• What you are asked to do: This calls for a verbatim copy of all the data, with no images carried over.

##########

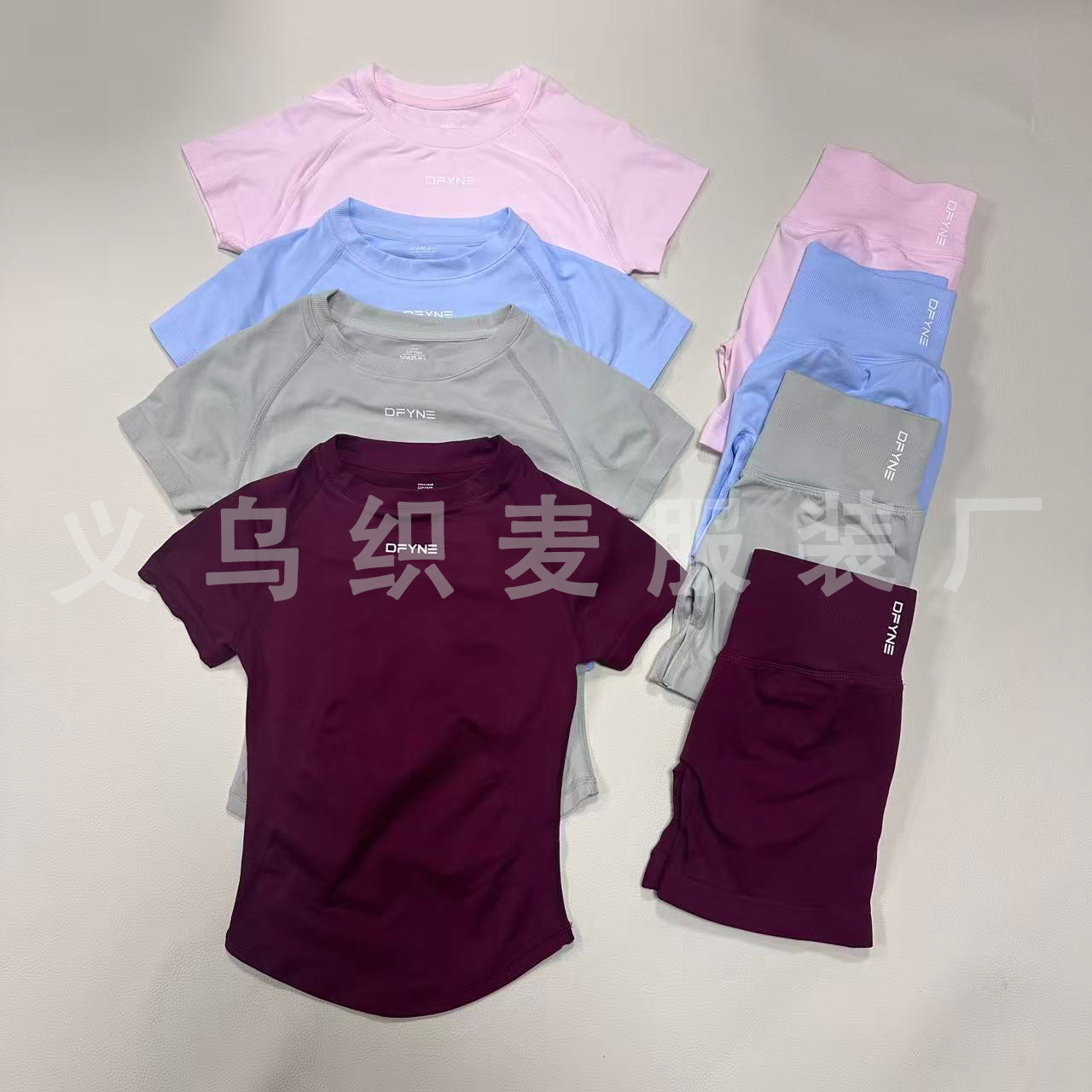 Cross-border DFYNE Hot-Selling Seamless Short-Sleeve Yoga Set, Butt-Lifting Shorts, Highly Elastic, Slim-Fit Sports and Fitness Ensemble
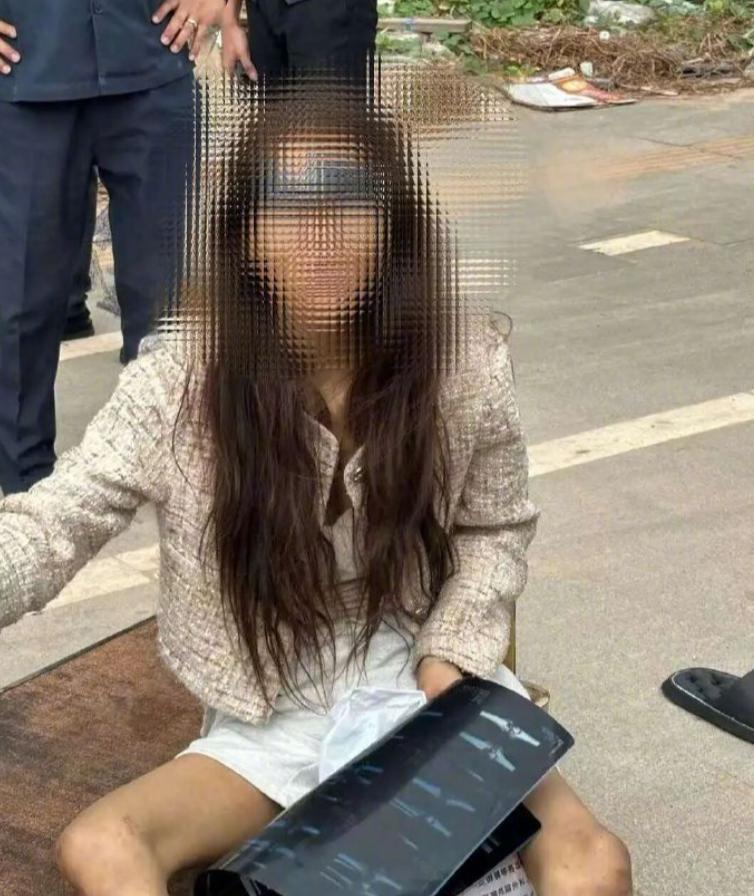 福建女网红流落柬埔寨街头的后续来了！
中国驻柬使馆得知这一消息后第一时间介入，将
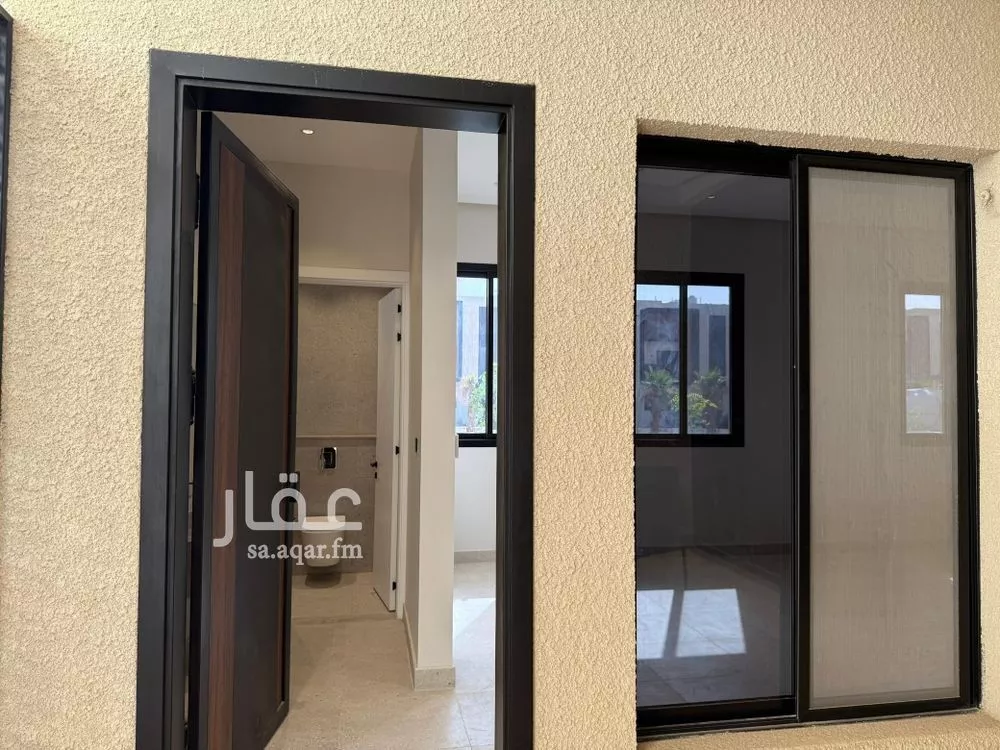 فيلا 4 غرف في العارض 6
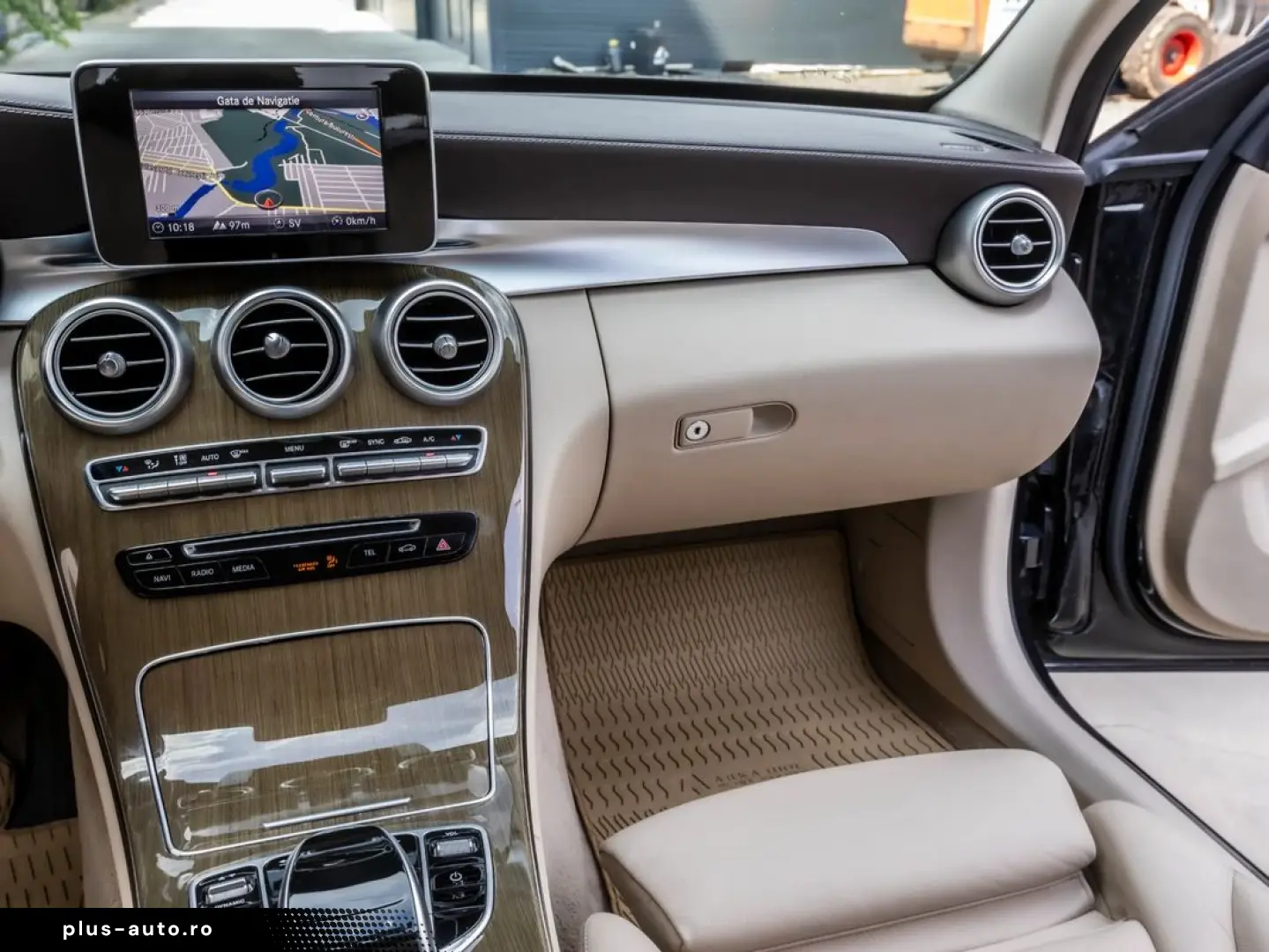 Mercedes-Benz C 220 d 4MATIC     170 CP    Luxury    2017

##########

• Exercise result:
 Cross-border DFYNE Hot-Selling Seamless Short-Sleeve Yoga Set, Butt-Lifting Shorts, Highly Elastic, Slim-Fit Sports and Fitness Ensemble
 福建女网红流落柬埔寨街头的后续来了！
中国驻柬使馆得知这一消息后第一时间介入，将
 فيلا 4 غرف في العارض 6
 Mercedes-Benz C 220 d 4MATIC     170 CP    Luxury    2017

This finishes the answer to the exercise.